I like the name "Nightlands" for the blighted lands outside the walls. Since we are going with such an on-the-nose naming scheme, we'll have the players start in the haven of "Lumina".

So to get to the setting I'm creating, I've heard that it's best to have a single line or two that defines the world. I'm having some trouble casting that into a single line, but let's see...

"A darkened, forsaken world struggles to restore itself to the light."

More on this setting later.


DocBadwrench said...

This is great - I've just caught up on a bunch of your posts. I am also an impassioned worldbuilder and am looking forward to exploring some of the issues you bring up.

Since you seem interested in giving life to the world you create, I would highly recommend skimming through the ideas of Strauss and Howe - they posit that generations have a certain predictable rhythm that affects civilization.

A good summary is here:

Now, whether you subscribe to the idea is hardly important - it's proven very useful to me, as a DM, in being able to craft quick-n-dirty generational attitudes among NPC's.
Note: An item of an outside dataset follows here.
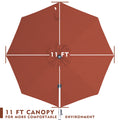Top - down view of a 11 - foot red patio umbrella canopy, designed to create a more comfortable outdoor environment.
A 11 - ft canopy of an outdoor umbrella shown from above, emphasizing comfort in the outdoor setting.“11 FT Patio Umbrella Canopy for Comfortable Outdoors”
“11 - Foot Canopy: Enhance Your Outdoor Comfort”11 ft umbrella canopy, patio umbrella, outdoor umbrella, comfortable outdoor environment, red umbrella canopy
Heck, I even whipped up a plausible (though sparse) timeline for my campaign so that I can not only give a sense of place, but a sense of the changing character of its inhabitants, if you will.

Great stuff - very stimulating - I never leave comments like this to found-blogs. :)

David said...

I just noticed your comment, despite it being a few days old. Thanks for the link, it looks like interesting stuff, and I'll take a better look at it once I'm away from work for a bit.

The generational attitudes you mentioned are an interesting addition. I generally tend to picture D&D-era life as more homogeneous with regards to social structure, since freedom of speech was hardly guaranteed back then. However, it's reasonable to assume that the older generations would be more hard-set on tradition, while the younger folk, particularly during particularly rebellious times of life, would be less likely to require the party stick to tradition. For that matter, if the law views juvenile crime with a sort of "Boys will be boys" mentality, kids might be hired to swipe money from PCs, since the PCs can hardly kill one in retaliation.

I'm rambling again. Anyway, thanks for the link, and I'll give it some thought.

DocBadwrench said...

I'm running a campaign for my family and I'm trying to illustrate some of these concepts mainly out of coolness factor as well as educating my son about "the why" of things changing in modern life.

You are quite right though, by ordinary fantasy standards, things are largely unchanging for the people at large. The authors of the material, however, argue that something like this has actually happened, in a less regular form, even in ancient times. However, the cycle was not self perpetuating.

I just posted my application of the concept to my own blog ( Feel free to check it out or ignore it as you see fit.

I love your blog, by the way. You give a lot of attention to fleshing out underlying details with more authenticity than is usual.

Now *I* am rambling, so I'll shut up.